= Maria De Fleury =

Maria De Fleury (fl. 1773–1791) was a London-based Baptist poet, hymnist and polemicist descended from French Huguenots. Little is known of her private life. The dating of her birth at 1752-53 and her death at 1792 are conjectural.

==Life and work==
De Fleury is thought to have been a schoolteacher before moving to 2 City Mews, White Cross Street, Islington, and then to nearby 31 Jewin Street, Cripplegate, in the City of London. However, there are signs in her writings that she felt defensive about her lack of formal education. Her earliest dated poem is an Epithalamium, written to mark her brother's wedding on 25 November 1773.

As a member of the strongly anti-Catholic Protestant Association, De Fleury actively defended Lord George Gordon, who had instigated it and was accused by Charles Wesley and others of inciting the riots over the restoration of civil rights to Catholics. Her pamphlet vindicating Gordon, entitled Unrighteous Abuse Detected and Chastised, appeared in 1781, as did her Poems, Occasioned by the Confinement and Acquittal of the Right Honourable Lord George Gordon, President of the Protestant Association. The pamphlet "depicts her enemies baying against Truth like village curs at the moon."

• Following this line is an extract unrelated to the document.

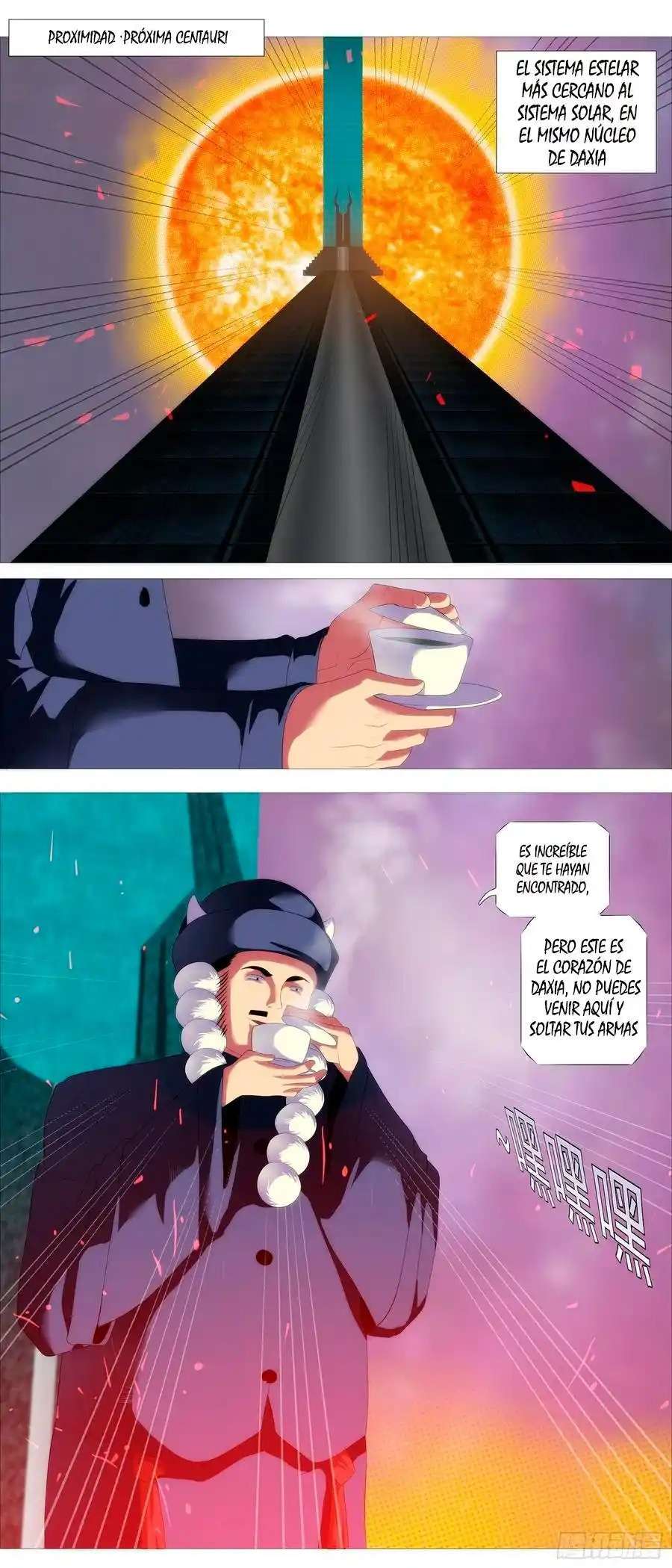 Capitulo 391 page 4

Despite being a Baptist, Fleury belonged to the Independent Meeting House of John Towers, originally a breakaway from a Presbyterian congregation. The meeting house was moved from Bartholomew Close to new premises in Jewin Street in 1784. Fleury was also on close terms with the Baptist minister and religious writer John Ryland. She went on to dedicate to Gordon a masque-like work in blank verse entitled Henry, or the Trump of Grace (1782), in which Henry's guardian angels, Religion and Grace, stave off the attacks of Syren. This went into three editions.

==God and liberty==
Many of De Fleury's hymns – some still sung today – appeared first in her volume Hymns for Believers' Baptism (1786). Her Divine Poems and Essays were collected and published in 1791. Included was a work in couplets entitled "British Liberty Established and Gallic Liberty Restored, or The Triumph of Freedom", where she compares herself to Deborah celebrating Jael and honours such figures and events in history as Alfred, Magna Carta, Oliver Cromwell, King George III and the French Revolution. It emphasizes the Amazonian role played by women in the course of history and presages Christ's reign on Earth.

De Fleury, encouraged by John Ryland, became involved again as a controversialist in a "pamphlet war" with the preacher William Huntington and his ostensible Antinomianism. Her Letter of November 1787 elicited from him abuse from the pulpit, and from his daughter a 1788 pamphlet entitled Mother Abbess denying the place of women in the area of public debate. Her Answer (1788) stressed that women's liberty of speech was God-given. Her Antinomianism Unmasked and Refuted (1791) again drew a printed retort from Huntington (The Broken Cistern) and another series of responses, De Fleury's Falsehood Examined on the Bar of Truth and Huntingdon's An Answer to Fools.

After 1791 De Fleury disappears from history, although The Missionary Magazine published an otherwise unattested poem credited to her in 1802.